▶ _What is being asked_
Print only the lines below from the one with "Hi, my name" to the one with "All right, guys. Well, that's", both included, exactly as they stand. Leave pictures out.

▶ _Supplied records_
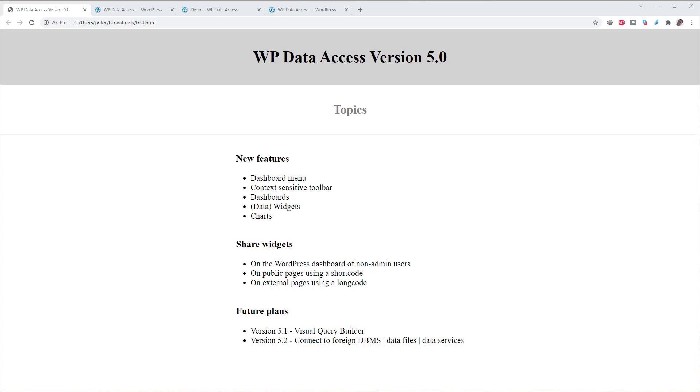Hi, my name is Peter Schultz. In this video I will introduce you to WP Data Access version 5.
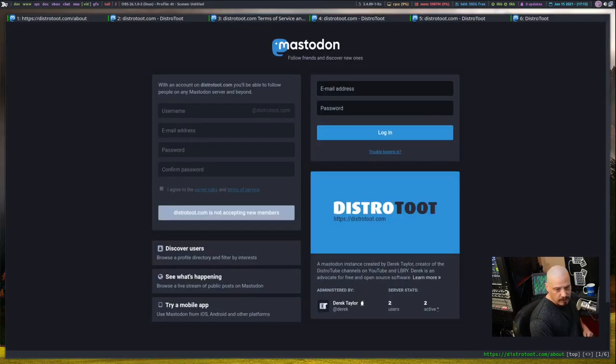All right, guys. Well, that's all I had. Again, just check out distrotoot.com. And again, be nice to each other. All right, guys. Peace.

* * *

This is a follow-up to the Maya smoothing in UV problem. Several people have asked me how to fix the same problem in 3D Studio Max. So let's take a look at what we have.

==

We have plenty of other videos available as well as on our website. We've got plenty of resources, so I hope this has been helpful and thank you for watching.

▶ _Solved exercise_
Hi, my name is Peter Schultz. In this video I will introduce you to WP Data Access version 5.
All right, guys. Well, that's all I had. Again, just check out distrotoot.com. And again, be nice to each other. All right, guys. Peace.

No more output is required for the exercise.